AIM OF THE TASK: An exact copy of the data is needed, but without any of its images.

DATA SEGMENT:
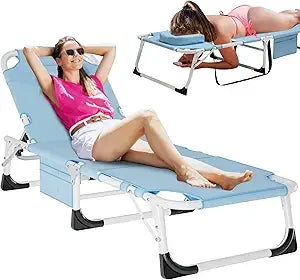 Heavy Duty Tanning Chair with Face Hole Adjustable 5 Position Folding Chaise Lounge for Outdoor Portable Lay Flat Beach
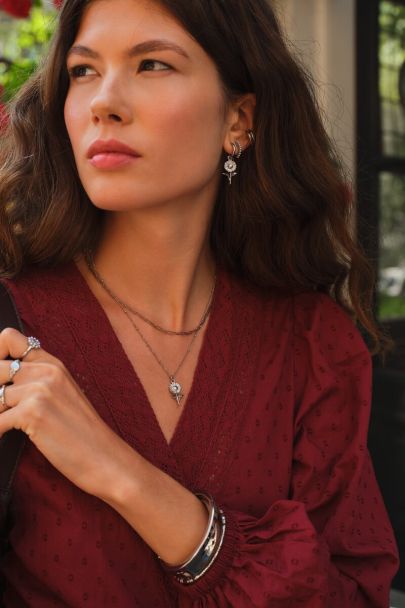 Vintage ketting met dots en zonnebloem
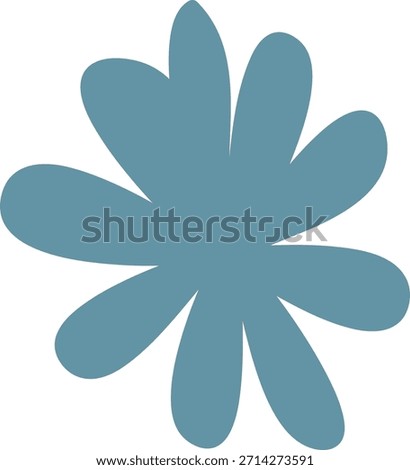 Flower blob with rounded petal splash silhouette in bold shape. Symbol of creativity, spontaneity, and organic motion for branding and decoration. Cartoon vector illustration.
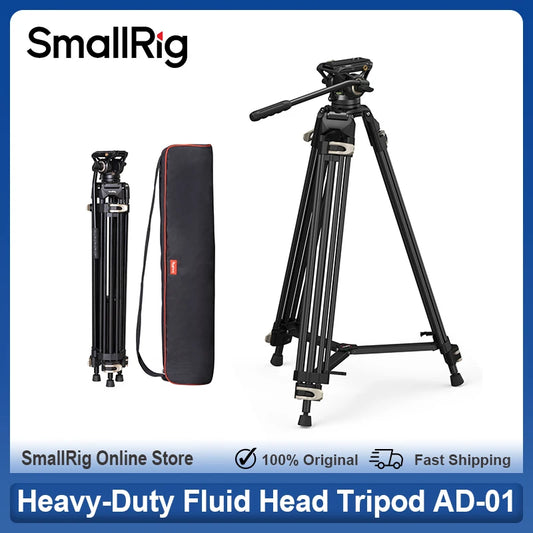 SmallRig Heavy-Duty 360° Fluid Head Tripod AD-01 186cm Video Tripod with Quick Release Plate for DSLR Camera Camcorder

RESPONSE TO THE TASK:
 Heavy Duty Tanning Chair with Face Hole Adjustable 5 Position Folding Chaise Lounge for Outdoor Portable Lay Flat Beach
 Vintage ketting met dots en zonnebloem
 Flower blob with rounded petal splash silhouette in bold shape. Symbol of creativity, spontaneity, and organic motion for branding and decoration. Cartoon vector illustration.
 SmallRig Heavy-Duty 360° Fluid Head Tripod AD-01 186cm Video Tripod with Quick Release Plate for DSLR Camera Camcorder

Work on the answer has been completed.